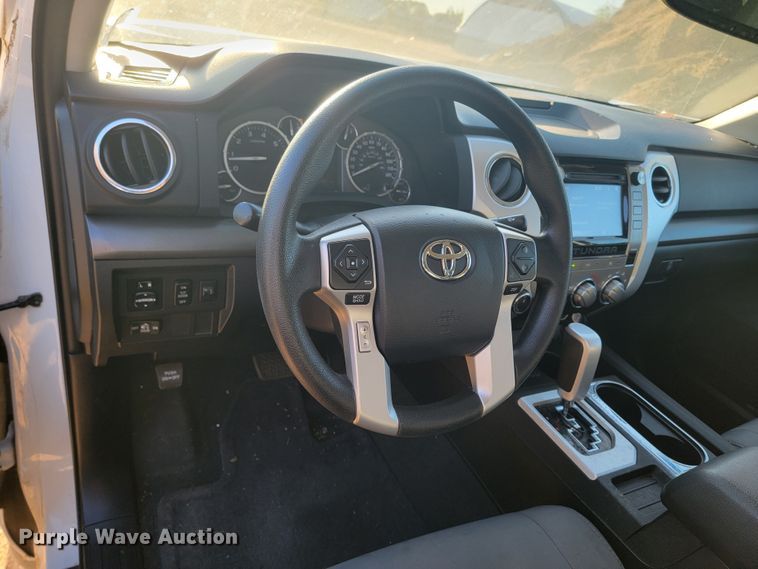 image for item LO9098 2014 Toyota Tundra  Double Cab pickup truck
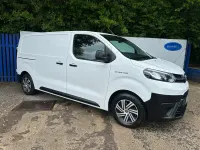 Used Toyota Proace 100 kW (136 HP) 2022 White MPV
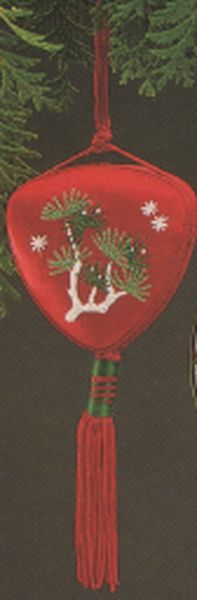 Aunt Krismas 'Friendship' ornament by Joyce Pattee. Year: 1985 - N/A series #0. 'Mint In Box' condition.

## Task item
Ignore the images and quote every line of the listing exactly.

## Result of this task
 image for item LO9098 2014 Toyota Tundra  Double Cab pickup truck
 Used Toyota Proace 100 kW (136 HP) 2022 White MPV
 Aunt Krismas 'Friendship' ornament by Joyce Pattee. Year: 1985 - N/A series #0. 'Mint In Box' condition.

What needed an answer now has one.